- **DATA**:

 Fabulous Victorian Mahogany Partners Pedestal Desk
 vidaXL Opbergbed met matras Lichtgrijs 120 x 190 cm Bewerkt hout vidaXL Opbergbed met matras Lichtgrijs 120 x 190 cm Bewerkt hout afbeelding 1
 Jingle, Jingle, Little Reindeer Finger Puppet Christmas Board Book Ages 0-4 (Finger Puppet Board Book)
--
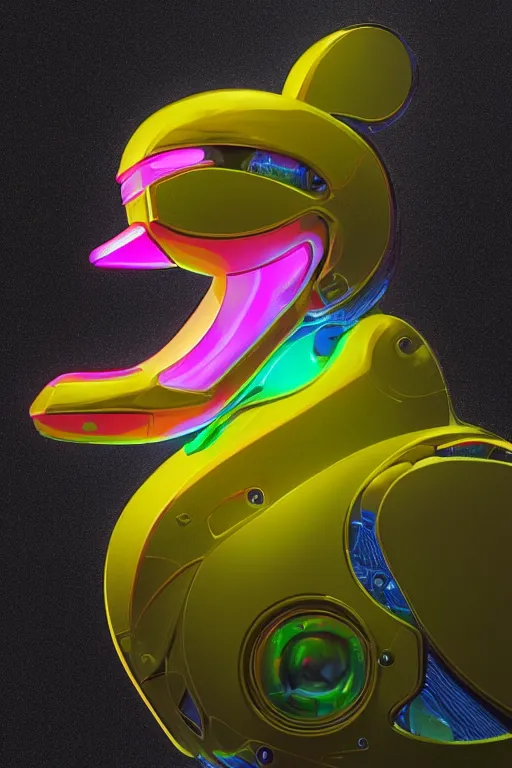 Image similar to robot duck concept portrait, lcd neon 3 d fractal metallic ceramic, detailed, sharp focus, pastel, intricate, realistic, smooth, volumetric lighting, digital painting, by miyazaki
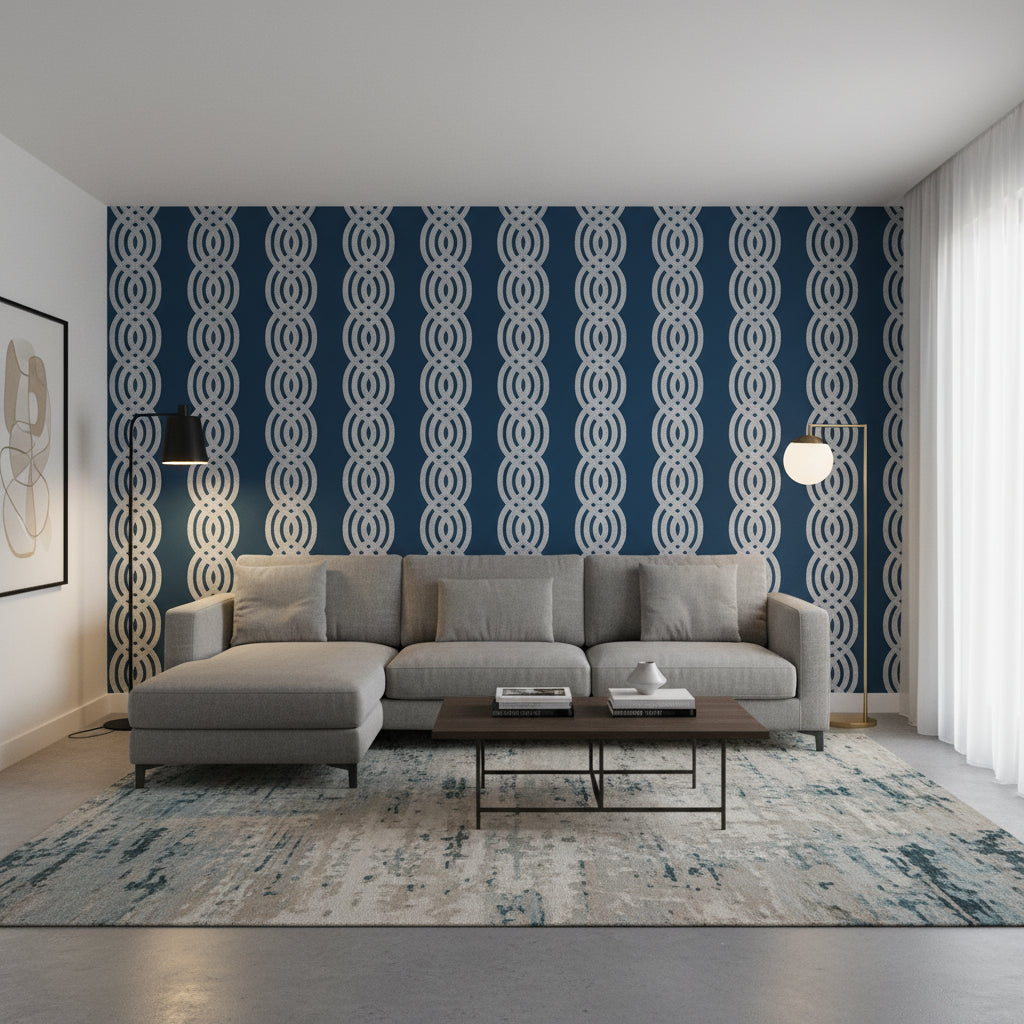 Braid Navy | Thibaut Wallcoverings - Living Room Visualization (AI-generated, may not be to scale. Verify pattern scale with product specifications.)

- **EXERCISE OBJECTIVE**: Among the entries above, locate the line with "Image similar to" and the line with "Braid Navy |". Give those two lines and all lines between them again, exactly, leaving out the pictures.

- **RESULT OF THIS TASK**:
 Image similar to robot duck concept portrait, lcd neon 3 d fractal metallic ceramic, detailed, sharp focus, pastel, intricate, realistic, smooth, volumetric lighting, digital painting, by miyazaki
 Braid Navy | Thibaut Wallcoverings - Living Room Visualization (AI-generated, may not be to scale. Verify pattern scale with product specifications.)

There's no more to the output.